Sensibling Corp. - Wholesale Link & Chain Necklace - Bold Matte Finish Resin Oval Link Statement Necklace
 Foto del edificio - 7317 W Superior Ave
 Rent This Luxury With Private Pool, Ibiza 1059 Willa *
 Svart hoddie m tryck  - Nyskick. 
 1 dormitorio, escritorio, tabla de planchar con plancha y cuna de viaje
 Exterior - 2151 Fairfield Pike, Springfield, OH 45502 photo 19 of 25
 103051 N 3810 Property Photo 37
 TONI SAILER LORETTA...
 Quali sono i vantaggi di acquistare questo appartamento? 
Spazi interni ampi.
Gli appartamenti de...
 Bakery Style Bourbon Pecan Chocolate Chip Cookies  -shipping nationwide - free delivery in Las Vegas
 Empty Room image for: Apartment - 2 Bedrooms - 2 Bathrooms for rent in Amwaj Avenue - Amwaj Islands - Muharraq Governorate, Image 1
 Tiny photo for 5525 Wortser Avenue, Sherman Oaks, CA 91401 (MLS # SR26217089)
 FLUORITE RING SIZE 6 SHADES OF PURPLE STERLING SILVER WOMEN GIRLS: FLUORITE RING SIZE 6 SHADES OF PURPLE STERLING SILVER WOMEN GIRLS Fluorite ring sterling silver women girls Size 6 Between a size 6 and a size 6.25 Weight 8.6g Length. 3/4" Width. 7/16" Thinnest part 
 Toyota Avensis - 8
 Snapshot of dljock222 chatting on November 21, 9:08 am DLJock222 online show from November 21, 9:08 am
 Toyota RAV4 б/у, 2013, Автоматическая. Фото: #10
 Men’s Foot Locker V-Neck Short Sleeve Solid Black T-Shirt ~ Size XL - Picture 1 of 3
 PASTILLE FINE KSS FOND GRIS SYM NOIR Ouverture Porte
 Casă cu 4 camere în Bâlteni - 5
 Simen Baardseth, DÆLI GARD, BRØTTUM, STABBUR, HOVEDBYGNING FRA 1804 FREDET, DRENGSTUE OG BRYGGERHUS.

++++++++++++++++++++

§ **Task details**: Up to and including the line with "Tiny photo for", restate the records above word for word from the very first line.

§ **Task output**:
Sensibling Corp. - Wholesale Link & Chain Necklace - Bold Matte Finish Resin Oval Link Statement Necklace
 Foto del edificio - 7317 W Superior Ave
 Rent This Luxury With Private Pool, Ibiza 1059 Willa *
 Svart hoddie m tryck  - Nyskick. 
 1 dormitorio, escritorio, tabla de planchar con plancha y cuna de viaje
 Exterior - 2151 Fairfield Pike, Springfield, OH 45502 photo 19 of 25
 103051 N 3810 Property Photo 37
 TONI SAILER LORETTA...
 Quali sono i vantaggi di acquistare questo appartamento? 
Spazi interni ampi.
Gli appartamenti de...
 Bakery Style Bourbon Pecan Chocolate Chip Cookies  -shipping nationwide - free delivery in Las Vegas
 Empty Room image for: Apartment - 2 Bedrooms - 2 Bathrooms for rent in Amwaj Avenue - Amwaj Islands - Muharraq Governorate, Image 1
 Tiny photo for 5525 Wortser Avenue, Sherman Oaks, CA 91401 (MLS # SR26217089)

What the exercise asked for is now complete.